You inquire whether a trust, formed under a Pooling and Administration Agreement ('Pooling Agreement') among ('Sponsor'), ('Servicer') and ('Trustee'), is subject to tax under G.L. c. 62.
Each trust formed pursuant to this Pooling Agreement will qualify and elect to be treated as a real estate mortgage investment conduit (REMIC) under the definition in section 860D of the Internal Revenue Code of 1986 (I.R.C.). A pool of assets consisting of 'qualified mortgages' as defined by I.R.C. § 860G, will be transferred to the trustee in return for REMIC certificates. There will be multiple classes of regular interests and one class of residual interests. We conclude that these trusts are not subject to a trust-level tax pursuant to G.L. c. 62, 5 8(a).
Under the Pooling Agreement, substantially all the trust assets must consist of:
(1) mortgages, mortgage-backed securities, and other mortgage-related assets that are qualified mortgages as defined by I.R.C. § 86OG(a)(3); (2) cash flow investments as defined by I.R.C. § 86OG(a)(6); (3) qualified reserve assets as defined by I.R.C. § 86 OG(a)(7); and (4) foreclosure property as defined by I.R.C. § 86OG(a)(8). The Trustee may enforce the rights of the Trustee, on the behalf of the certificate holders in the event of a default on the qualified mortgages, execute the REMIC certificates, receive distributions from the mortgage assets and amounts paid on the cash flow investments, pay the expenses of the trust, distribute amounts due to the REMIC certificate holders, prepare and mail reports, and keep and make available trust records. The trustee may invest amounts received on assets in the reserve fund and amounts received as distributions on the qualified mortgages in short-term investments that shall mature prior to the next distribution date.
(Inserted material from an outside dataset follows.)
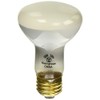 Westinghouse Lighting 0365400, 30 Watt, 120 Volt Frosted Incand R20
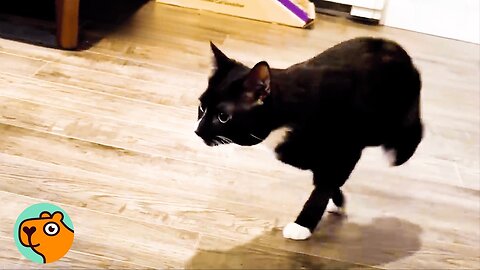 Two Legged Cat Hid All The Time. Now He Can’t Stop Zooming! | Cuddle Buddies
The trust must distribute all amounts received between distribution dates, except for assets held in a qualified reserve fund as defined by I. R. C. § 86OG (a)( 7) , no later than the next monthly distribution date. The sponsor may make substitutions of mortgage certificates no later than ninety days after the issuance of the REMIC certificates. The substitute mortgage certificate must be a qualified replacement mortgage as defined by I.R.C. § 86 OG(a)(4). Further, the substitute mortgage certificate must replace an original mortgage certificate of like kind; no more than forty percent in principal amount of the original mortgage certificates may be replaced; there may be no substitution for substitute mortgage certificates; and substitute mortgage certificates must have an aggregate value at least equal to the value of the original mortgage certificates.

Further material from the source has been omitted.